▶ **What needs to be done**
Pictures stay out. Extract the lines below from the first one through the line with "Hair Dye Shampoo", both included.

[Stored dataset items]
+--
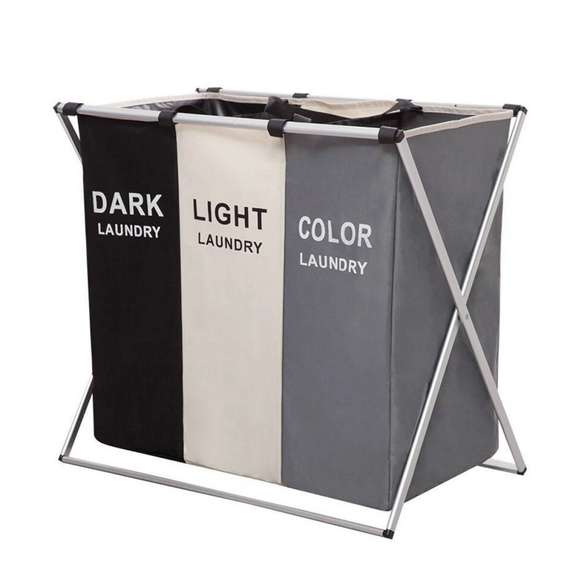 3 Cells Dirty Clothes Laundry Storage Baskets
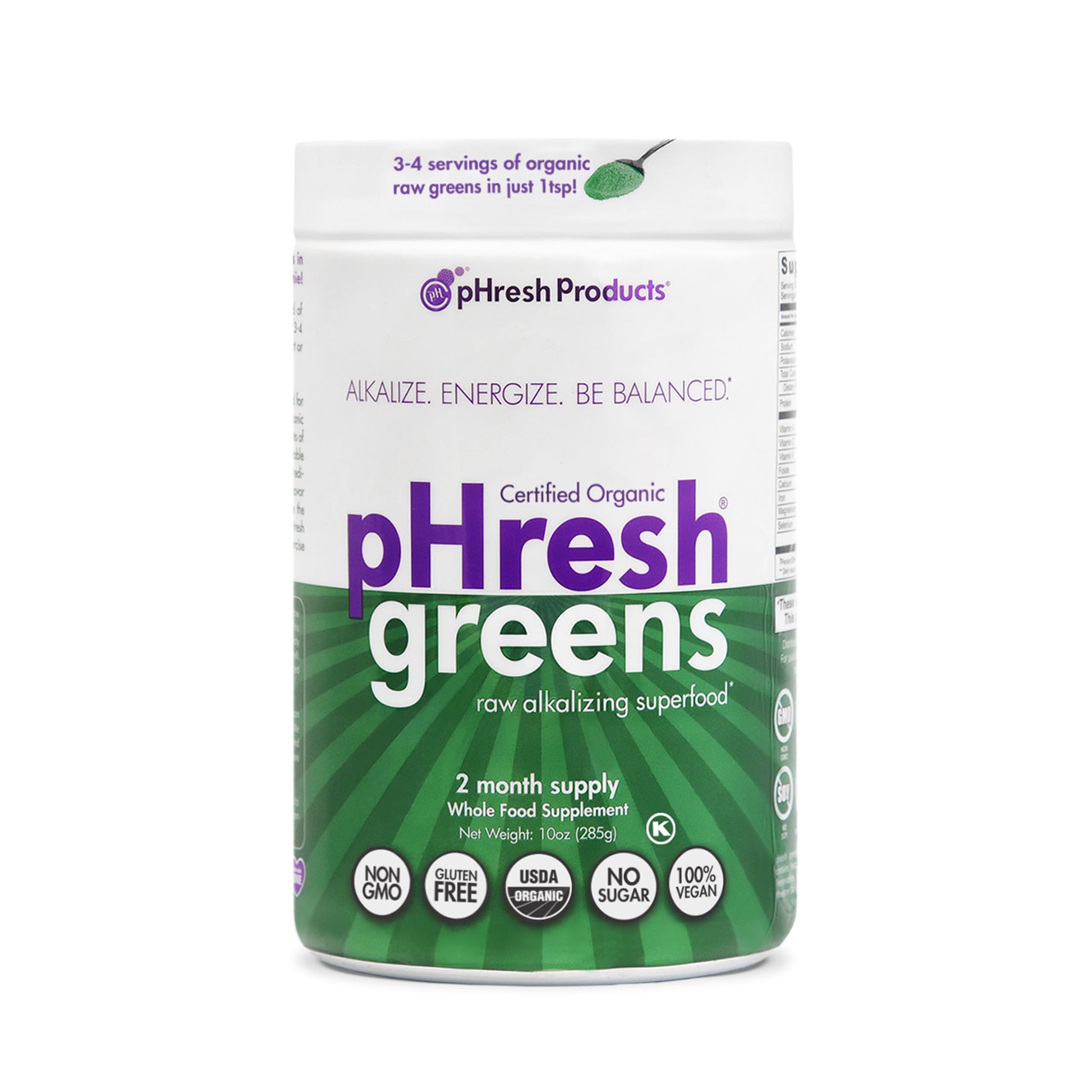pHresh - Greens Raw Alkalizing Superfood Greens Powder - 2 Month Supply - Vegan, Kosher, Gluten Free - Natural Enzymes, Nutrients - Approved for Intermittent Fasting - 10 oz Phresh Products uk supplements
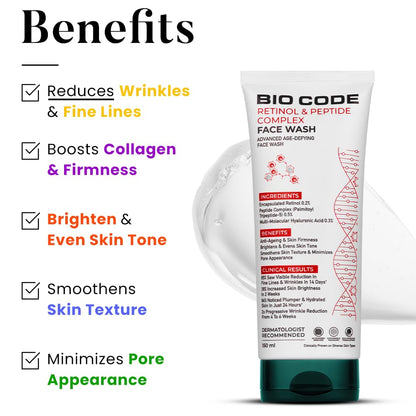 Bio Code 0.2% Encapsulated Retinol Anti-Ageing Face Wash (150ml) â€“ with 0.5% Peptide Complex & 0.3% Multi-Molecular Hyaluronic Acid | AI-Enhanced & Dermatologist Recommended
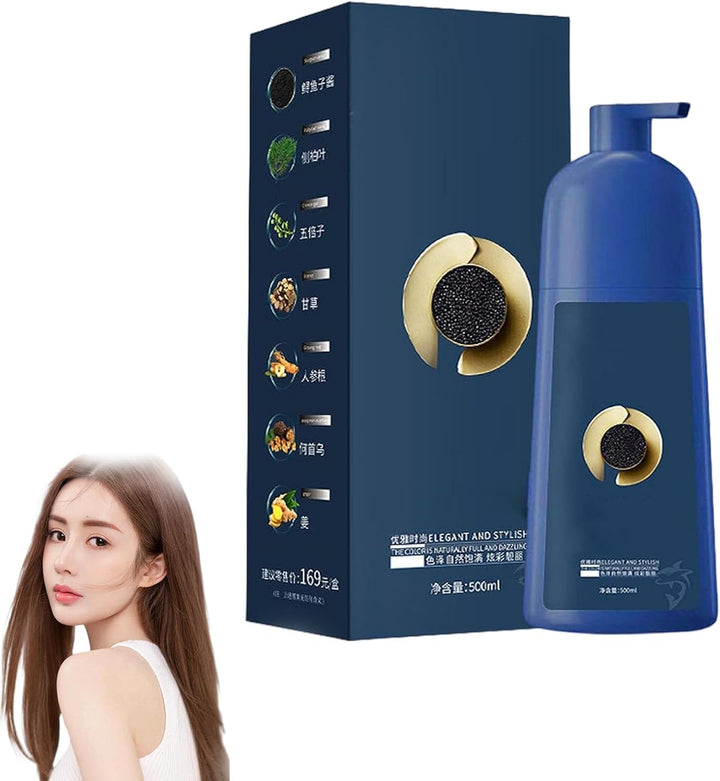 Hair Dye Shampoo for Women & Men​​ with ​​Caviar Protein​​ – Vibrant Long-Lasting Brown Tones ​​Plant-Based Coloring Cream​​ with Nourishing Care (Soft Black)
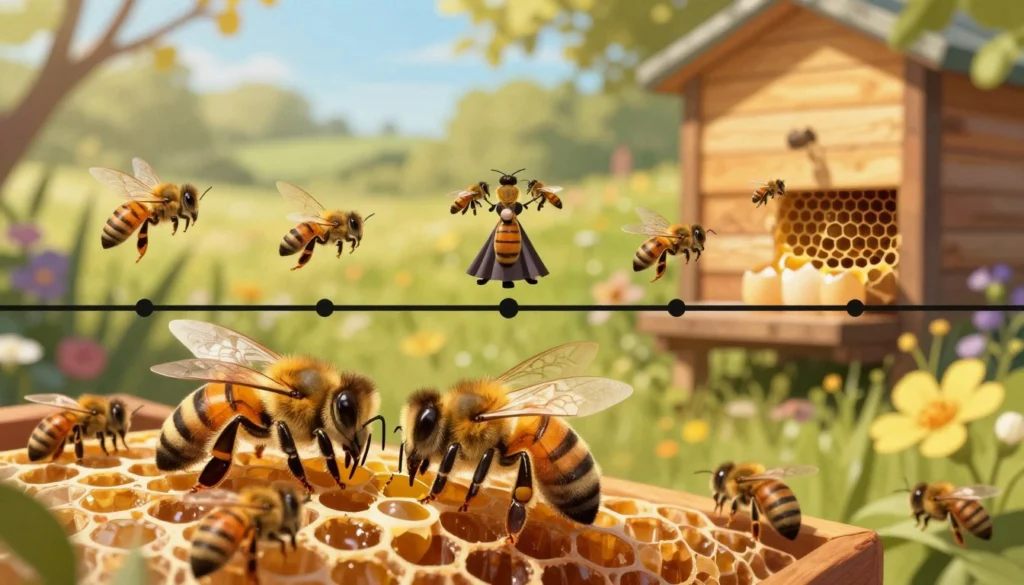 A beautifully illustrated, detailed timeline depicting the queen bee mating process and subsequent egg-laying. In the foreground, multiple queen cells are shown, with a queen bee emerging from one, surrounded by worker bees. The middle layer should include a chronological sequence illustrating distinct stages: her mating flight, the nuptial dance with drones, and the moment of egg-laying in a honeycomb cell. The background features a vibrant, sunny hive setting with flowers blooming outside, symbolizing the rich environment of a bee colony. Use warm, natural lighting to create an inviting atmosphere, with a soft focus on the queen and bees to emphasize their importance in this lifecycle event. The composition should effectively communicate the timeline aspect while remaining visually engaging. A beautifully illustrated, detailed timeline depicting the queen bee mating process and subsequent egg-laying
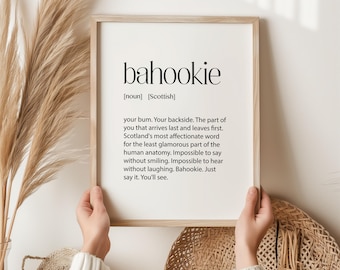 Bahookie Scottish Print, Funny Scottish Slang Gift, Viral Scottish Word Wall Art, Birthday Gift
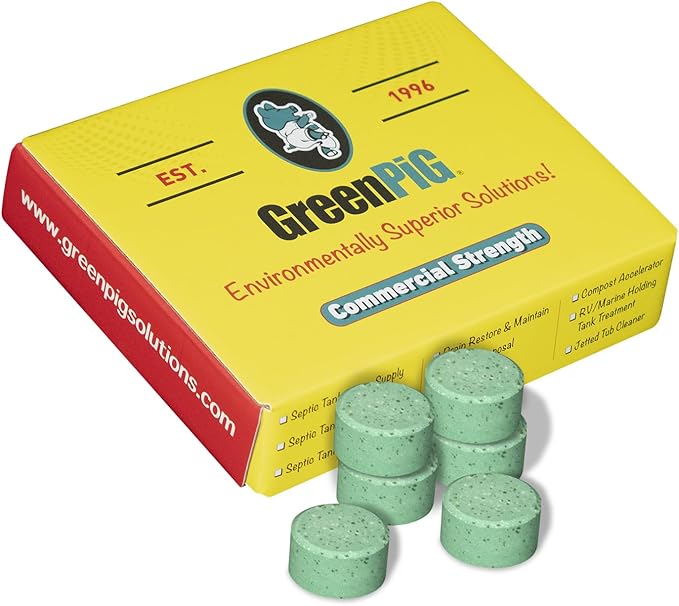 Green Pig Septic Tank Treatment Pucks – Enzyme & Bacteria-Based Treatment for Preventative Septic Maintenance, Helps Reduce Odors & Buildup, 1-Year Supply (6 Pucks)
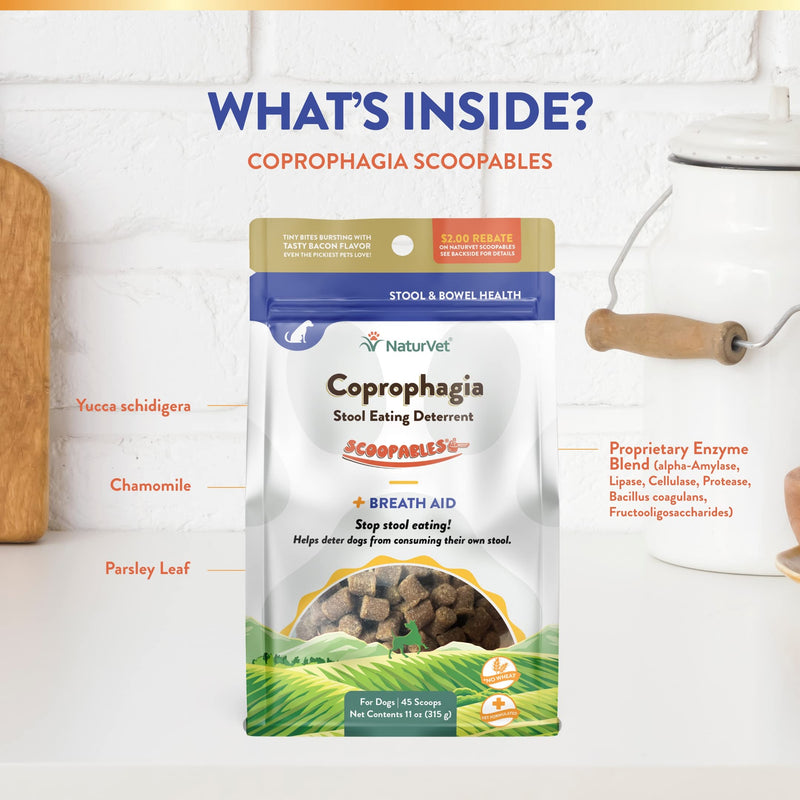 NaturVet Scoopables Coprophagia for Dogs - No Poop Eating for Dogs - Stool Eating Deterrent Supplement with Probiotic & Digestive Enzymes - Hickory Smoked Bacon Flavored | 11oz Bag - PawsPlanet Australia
+--
▶ **Task output**
 3 Cells Dirty Clothes Laundry Storage Baskets
pHresh - Greens Raw Alkalizing Superfood Greens Powder - 2 Month Supply - Vegan, Kosher, Gluten Free - Natural Enzymes, Nutrients - Approved for Intermittent Fasting - 10 oz Phresh Products uk supplements
 Bio Code 0.2% Encapsulated Retinol Anti-Ageing Face Wash (150ml) â€“ with 0.5% Peptide Complex & 0.3% Multi-Molecular Hyaluronic Acid | AI-Enhanced & Dermatologist Recommended
 Hair Dye Shampoo for Women & Men​​ with ​​Caviar Protein​​ – Vibrant Long-Lasting Brown Tones ​​Plant-Based Coloring Cream​​ with Nourishing Care (Soft Black)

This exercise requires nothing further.